I doubt game developers making a game consider if the language is suitable for learners of that language, and I’m sure the same goes for English or any other language. I’d be surprised if the same didn’t go for any sort of tv programme, book, movie, etc.

2 Likes

I meant maybe they don’t worry about native speakers understanding absolutely everything. Because I’m sure they don’t understand those haiku perfectly, and the native speaker whose dark souls video I watched was frequently stumped or had to guess.

2 Likes

Sorry, yes. Wife and her team frequently didn’t understand a lot of language in Monster Hunter Rise

2 Likes

Monster hunter world took me a few hours to make it through the opening section in Japanese as, while I could read most of the text, sometimes the sentences were a little too Japanese for my literal translations, and the item names were ridiculously long and in no way readable through normal study channels. With each hour it did become significantly less painful though (I did burn out though, regardless).

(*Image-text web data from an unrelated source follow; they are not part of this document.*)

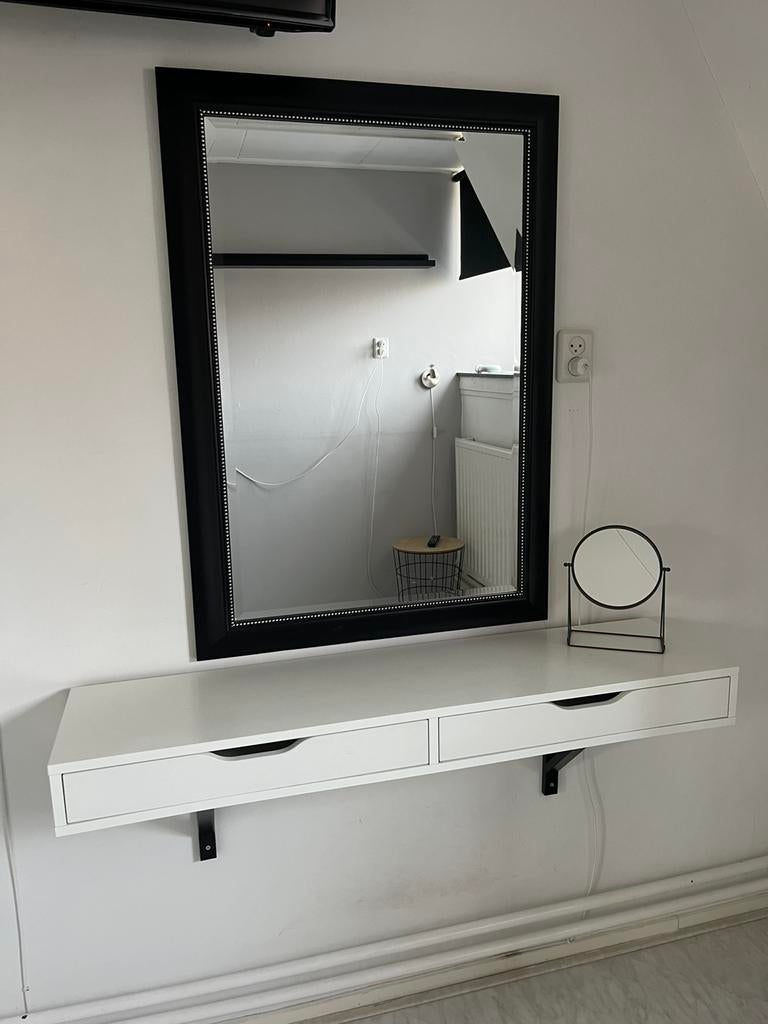 Kaptafel met spiegel, Ophalen of Verzenden, Zo goed als nieuw, Rechthoekig, Minder dan 100 cm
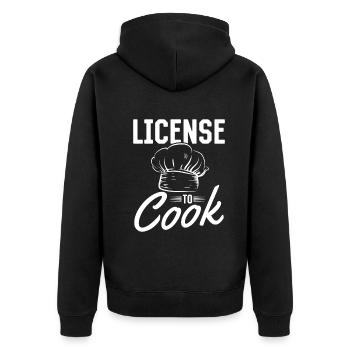 License To Cook Chef's Hat Restaurant Chef Cooking - Unisex Premium Organic Zip Hoodie - black - Back - Nico (187cm)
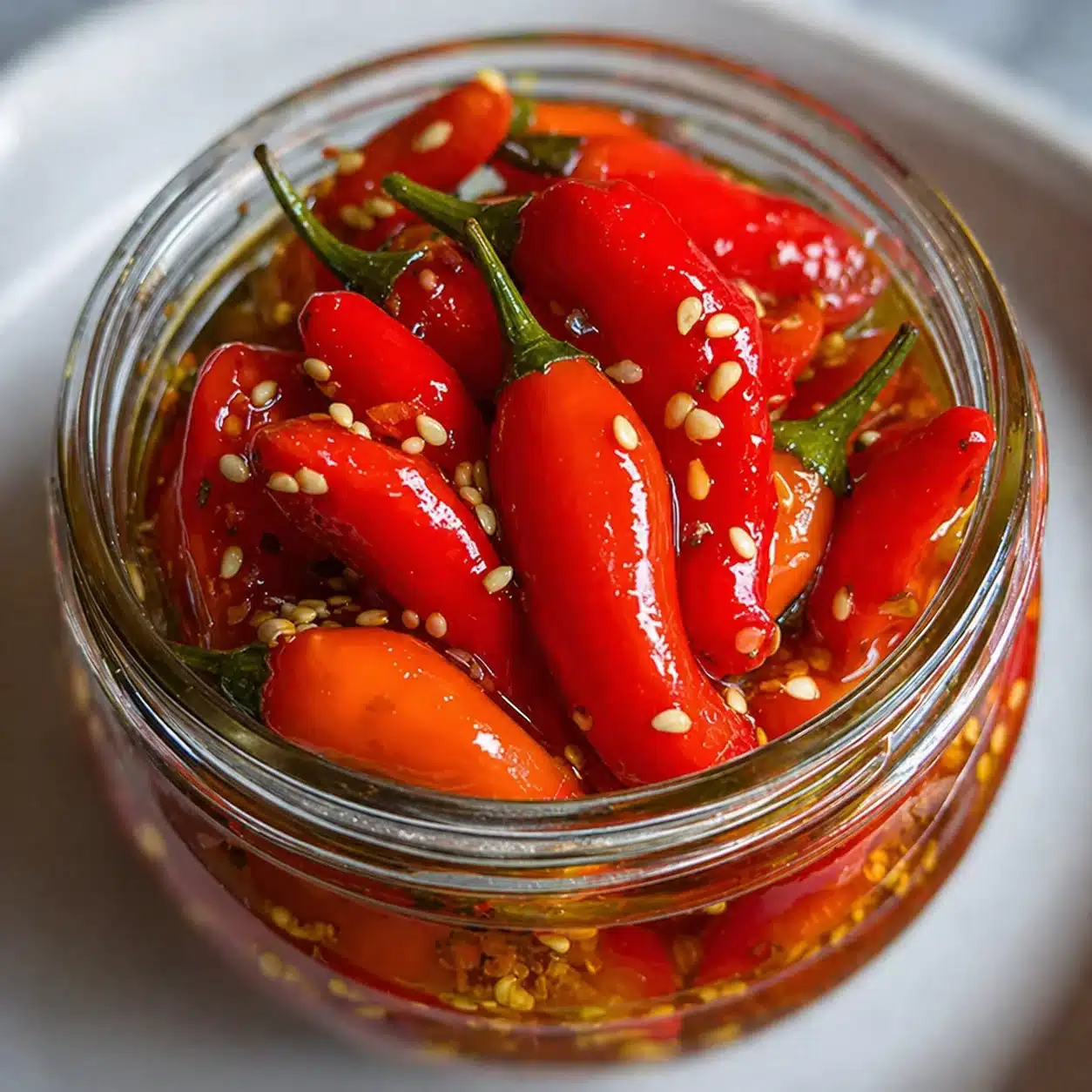 Bright red pickled peppers with seeds in a glass jar, ready to enjoy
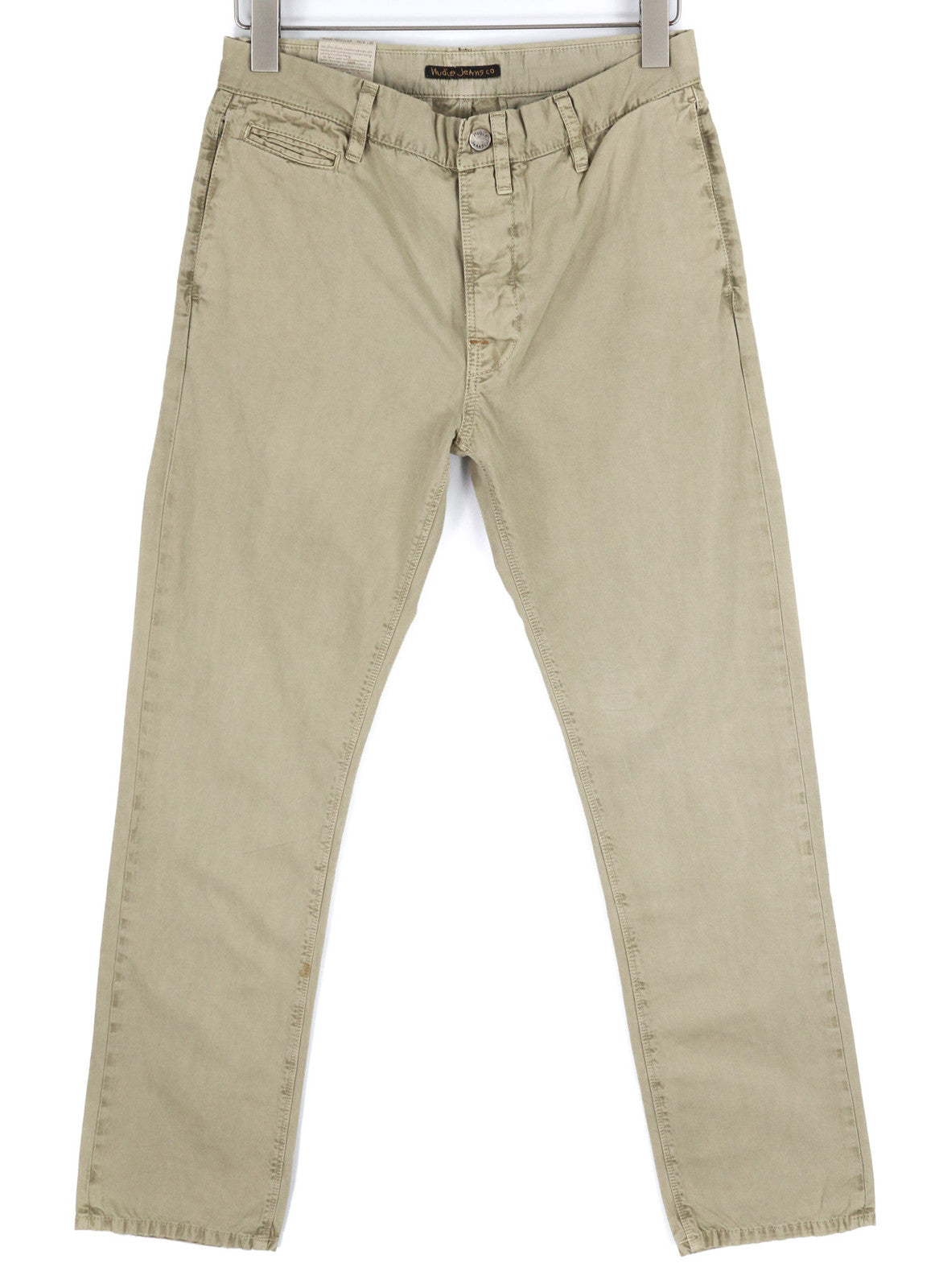 NUDIE JEANS Khaki Regular Men Trousers W29/L30 Beige Chino Button Fly Pockets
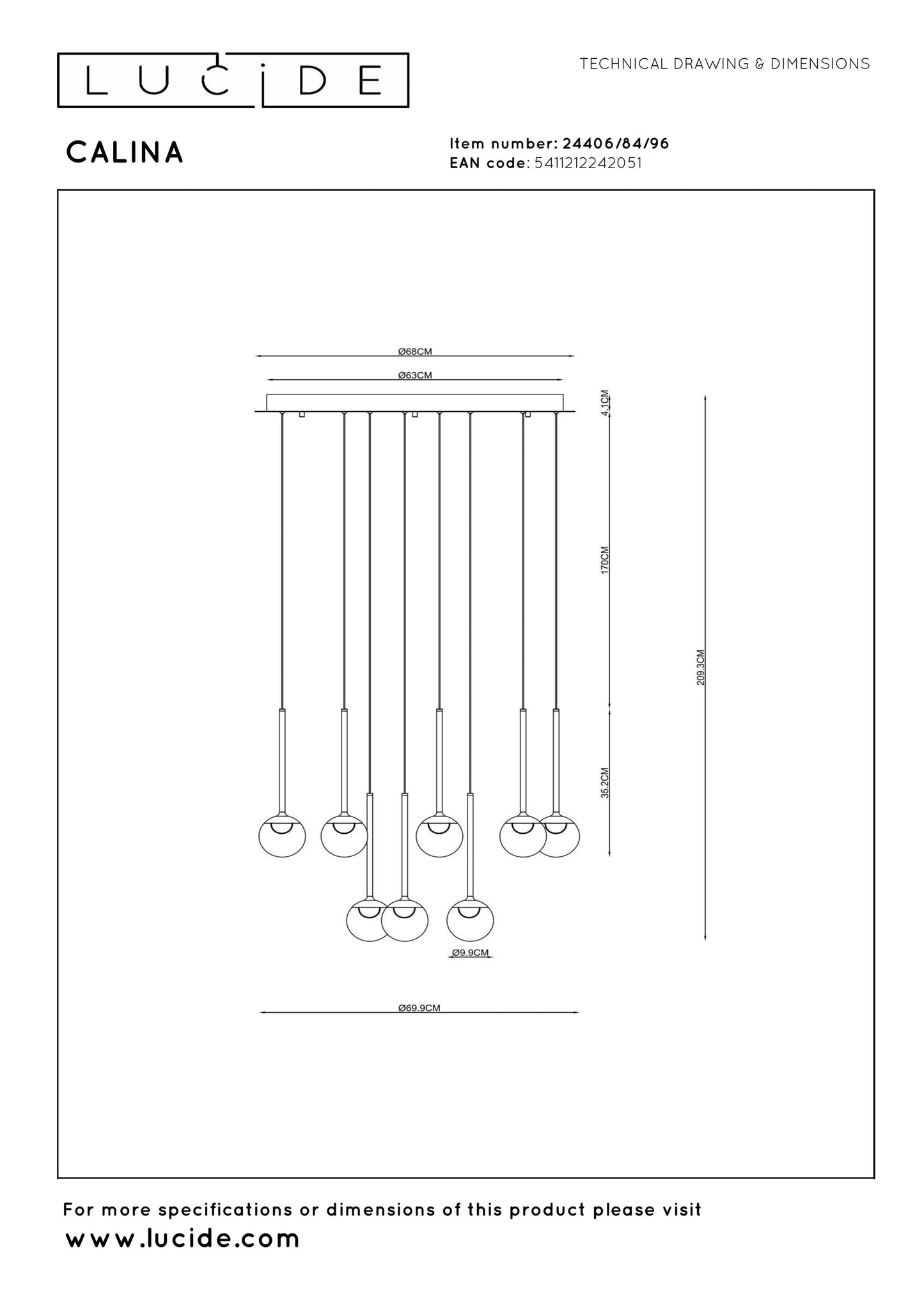 Lucide CALINA - Pendant light - Ø 69,9 cm - LED Dim. - CCT - 12x7W 2200K/3300K - With replaceable LED module - Coffee | Premium
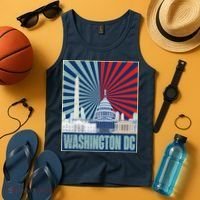 Retro Capitol Hill Washington DC American Flag Tank Top thumb 4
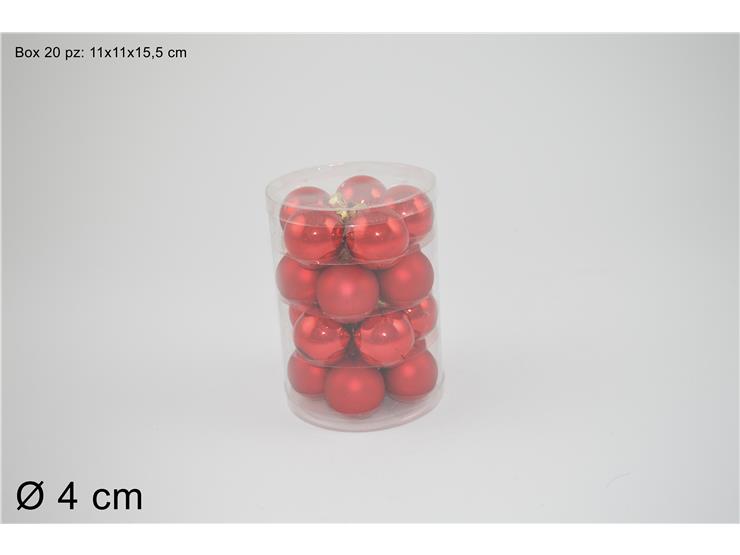 SET 20PALLE VETRO LUC/OPAC.ROSSO Cm4 2AS - Natale > Sfere Vetro > Pvc Box - Ingrosso B2B Magazzini Scatigna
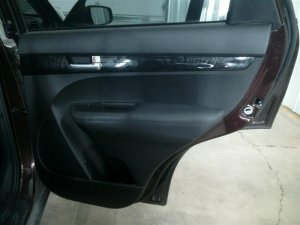 2014-2015 Kia Sorento Black Door Interior Trim Panel with Power Windows and Locks - Rear, Right (Passenger) (Used OEM)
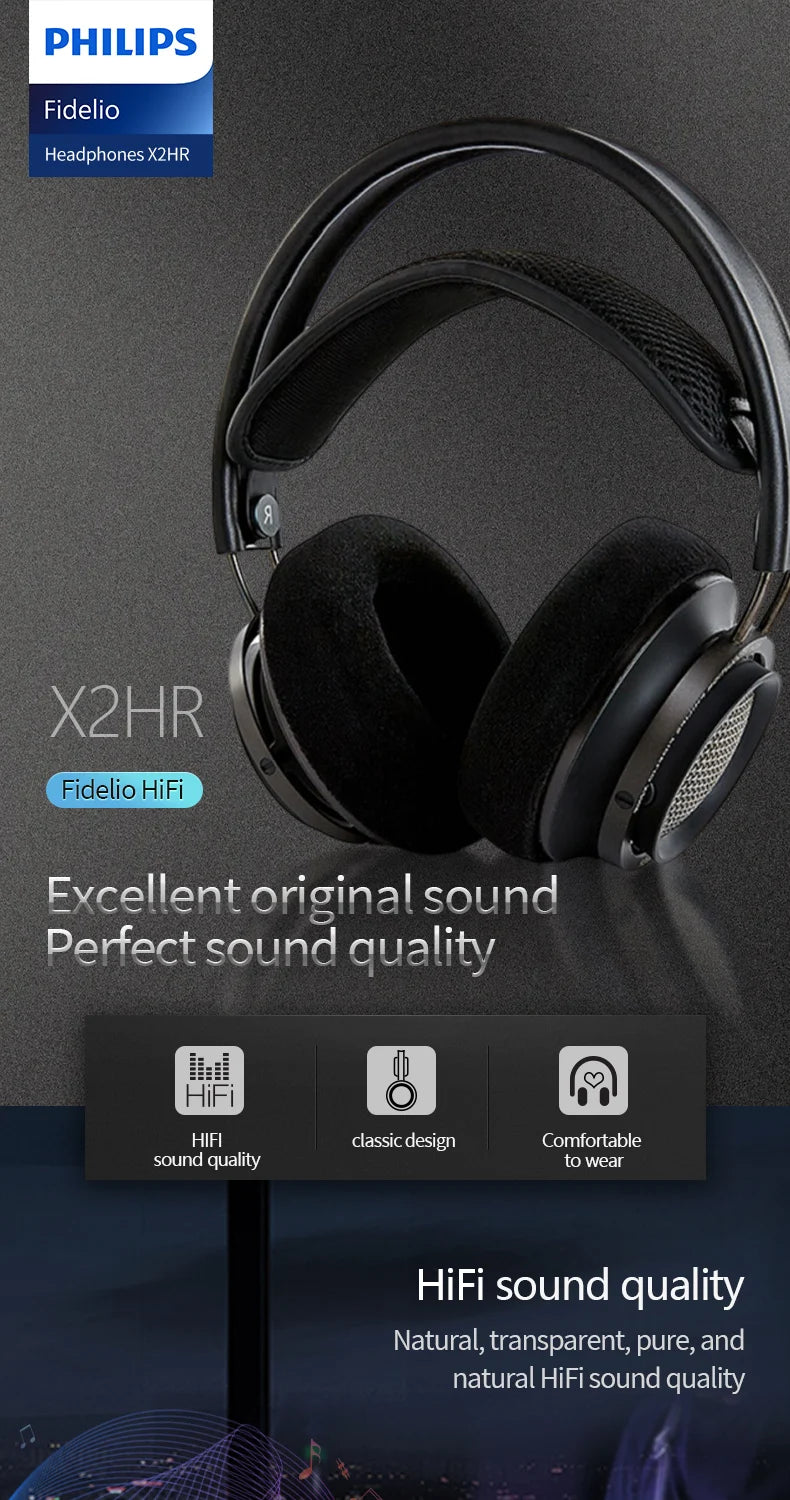 Philips Fidelio X2HR Open-Back HiFi Wired Over-Ear Headphones - Black Tidesmit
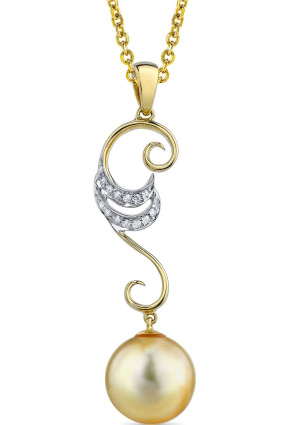 Golden Pearl & Diamond Opera Pendant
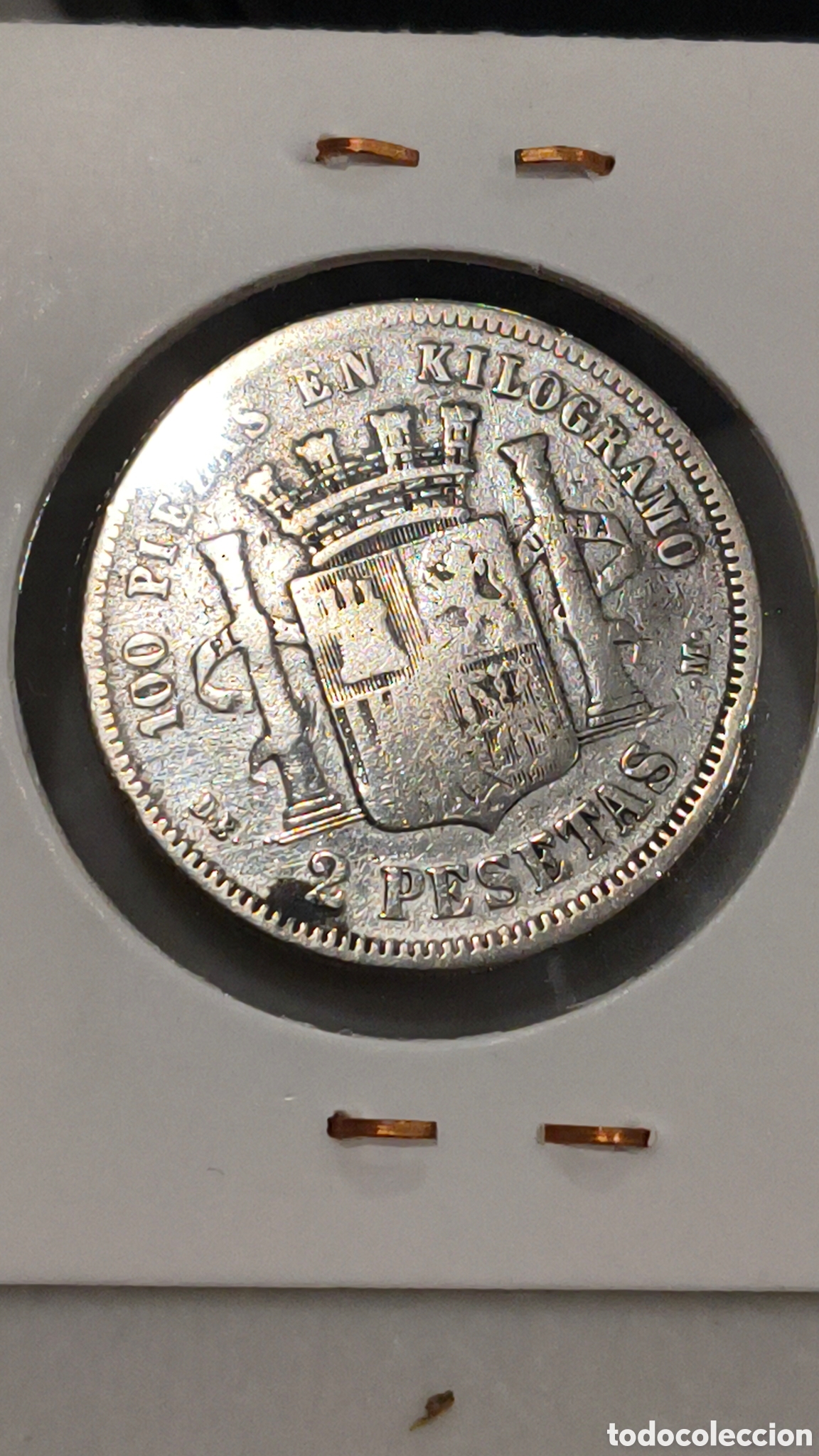 Monedas de Espa&ntilde;a: Moneda espa&ntilde;ola de 2 pesetas de 1870 - Foto 3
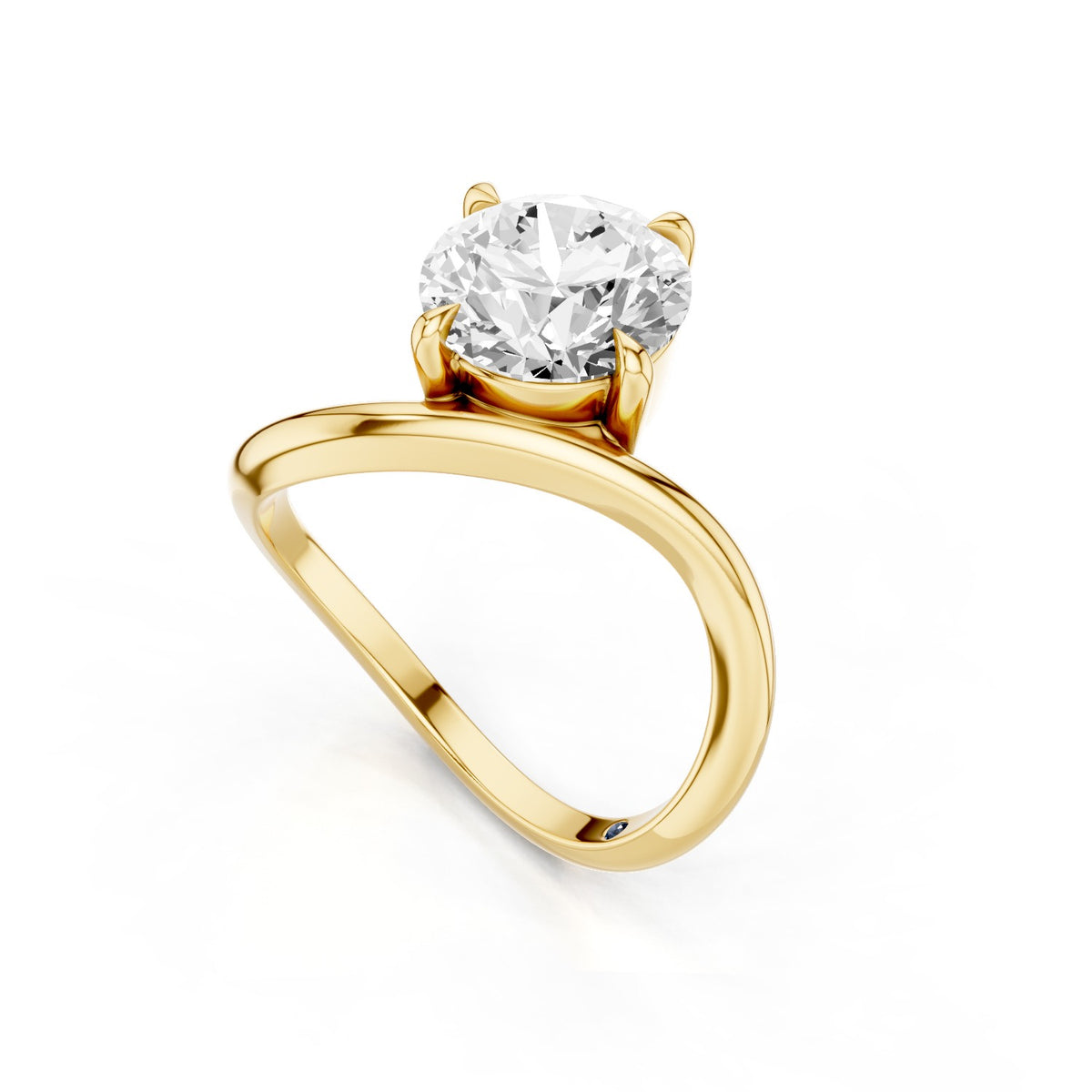 Ena – 2 Carat Round Curved Offset Bezel Solitaire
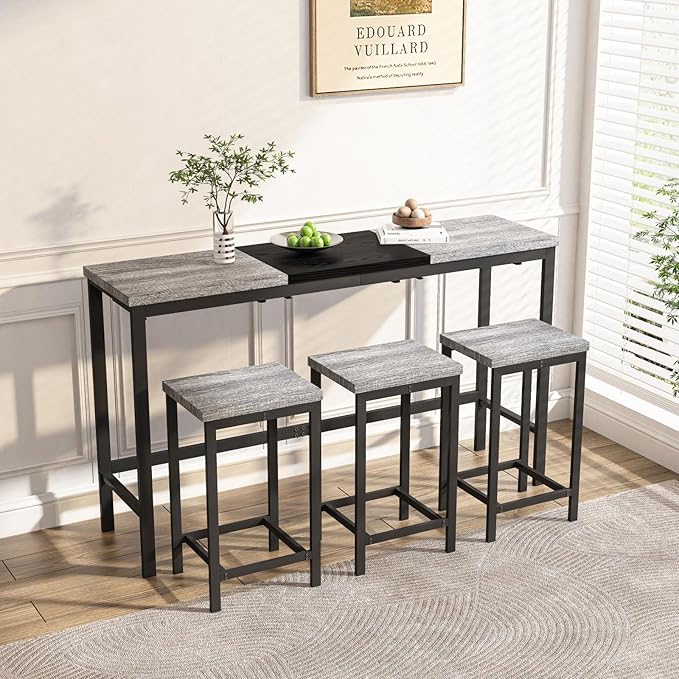 4 Piece Modern Design Kitchen Dining Table,1 Bar Table and Small Kitchen Table Set for 3,Wooden Counter Height Table Set for Kitchen,Convenient Hanging Stool Design,Dining Room Island Table (Grey)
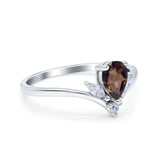 Pear Teardrop Natural Stone Chevron Ring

I am currently working my way through “bloodstained: ritual of the night”, and the level is a little lower based on what the first few hours have shown me. N3 and bits of N2 grammar should be enough to get most people through. Obviously some of the vocabulary is obscure/not JLPT (埒・触媒・召喚・浸食 spring to mind)/n2+, but we are talking maybe 1 word for 2/3 sections of dialogue, and even then many can be read and the meaning assumed on spec. Nothing too heavy for people slightly above my level that want something in that strike zone.

I have no idea about the levels of those that will read this reply, but if they want something perhaps slightly easier than monster hunter, bloodstained would be my recommendation. Saying that though, monster hunter was about 3 months ago, and I do hit things hard for a few months and then slack in cycles, so perhaps I just find bloodstained easier now due a few hundred hours of “growth” (including the MHW burnout) and they could be quite similar.

1 Like

Yo, for anyone here playing MHR in Japanese, here’s a super-useful kanji reference list I found today (just scroll down past the video): https://a-to-monhan.com/2020/12/28/rise-kannji-yomikata/

It’s got all(?) the confirmed 読み方 for the game’s unique kanji compounds. I was pretty excited to find it, since the game very rarely provides its own “intended” readings (I think I only remember seeing 花結, 翔蟲, and 疾翔け being spelled out onscreen).

 

Yeah, Monster Hunter World was very guilty of this, too. Just mountains of explanatory text for every little thing… I’d half expect the PC release to have added steps like “Position your mouse cursor over the red “X” button. Now, single-click the left mouse button.”

I’d highly recommend just skimming through most tutorial popups, especially since they’re all archived in your Hunter’s Notes, available for reference at any time.